Article 3. Formation of holding companies

1. Holding companies can be formed:

a) bodies, authorized to manage state-owned property, state bodies of privatization independently or together with other founders by consolidation in the authorized capital of holding corporate blocks of shares (shares, shares);

b) other subjects on contractual bases.

2. In cases, stipulated by the legislation, holding companies are formed on condition of preliminary receipt of permission of relevant organ of the Antimonopoly Committee of Ukraine or the Cabinet of Ministers of Ukraine on concentration, coordinated actions of subjects of housekeeping. Drafts of constituent documents of holding companies which are formed on condition of receipt of the specified permission are subject to coordination with relevant organ of the Antimonopoly Committee of Ukraine.

3. It is excluded according to the Law of Ukraine of 26.11.2015 No. 835-VIII.

4. The holding company acquires the status of the legal entity from the date of state registration of its creation according to the procedure, determined by the Law of Ukraine "About state registration of legal entities, physical persons entrepreneurs and public forming.

Article 4. Decision making about formation of holding company

1. The decision on formation of holding company is made by owners of holding corporate blocks of shares (shares, shares) and drawn up by the relevant agreement.

Article 5. Features of education and activities of holding company

1. The authorized capital of holding company is created at the expense of deposits of founders in the form of holding corporate blocks of shares (shares, shares), and also additional deposits in the form of property, means and the intangible assets necessary for ensuring activities of holding company. The share in form of property, the means and intangible assets necessary for ensuring activities of holding company shall not exceed 20 percent of the authorized capital of holding company.

2. If the agenda of general meeting of shareholders of holding company includes question of alienation of any blocks of shares (shares, shares) corporate enterprises and/or liquidations of holding company, such general meeting is recognized competent on condition of registration for participation of shareholders in it (their representatives) who have more than 80 percent of votes according to the charter of holding company.

Decision making about alienation of any blocks of shares (shares, shares) corporate enterprises or liquidation of holding company is within the exclusive competence of general meeting of holding company. The specified decisions are made by the majority in 3/4 voices of shareholders (their representatives) which were registered for participation in general meeting, taking into account the restrictions set by this Law.

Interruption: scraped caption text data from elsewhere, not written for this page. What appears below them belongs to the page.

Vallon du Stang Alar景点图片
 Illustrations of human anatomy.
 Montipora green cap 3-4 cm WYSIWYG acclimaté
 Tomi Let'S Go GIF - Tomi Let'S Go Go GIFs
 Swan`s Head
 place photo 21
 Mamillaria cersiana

3. The charter of holding company sets restrictions concerning transactions which have the right to make governing bodies of the company, and also issue of securities.

4. Economic society cannot have securities of holding company which corporate enterprise it is in property.

5. Permission of questions is within the exclusive competence of general meeting of holding company:

forming of single financial, investment, production and economic and scientific and technical policy of rather corporate enterprises;

determination of the directions and procedure for use of profit of corporate enterprises;

approval of plans of production and social development of corporate enterprises.

Permission of other questions can be also carried to exclusive competence of general meeting of holding company by the law or the charter.

Article 6. Features of education and activities of the state-owned holding companies

1. The state-owned holding companies are formed by bodies, authorized to manage state-owned property, and/or state bodies of privatization.

Single shareholder of the state-owned holding company from the moment of its education before completion of the procedure of privatization or the termination is the state.

2. Founders of the state-owned holding companies in the course of corporatisation of the state companies are bodies, authorized to manage state-owned property. Founders of the state-owned holding companies in the course of privatization of the state companies are bodies, authorized to manage state-owned property, and/or state bodies of privatization according to the legislation.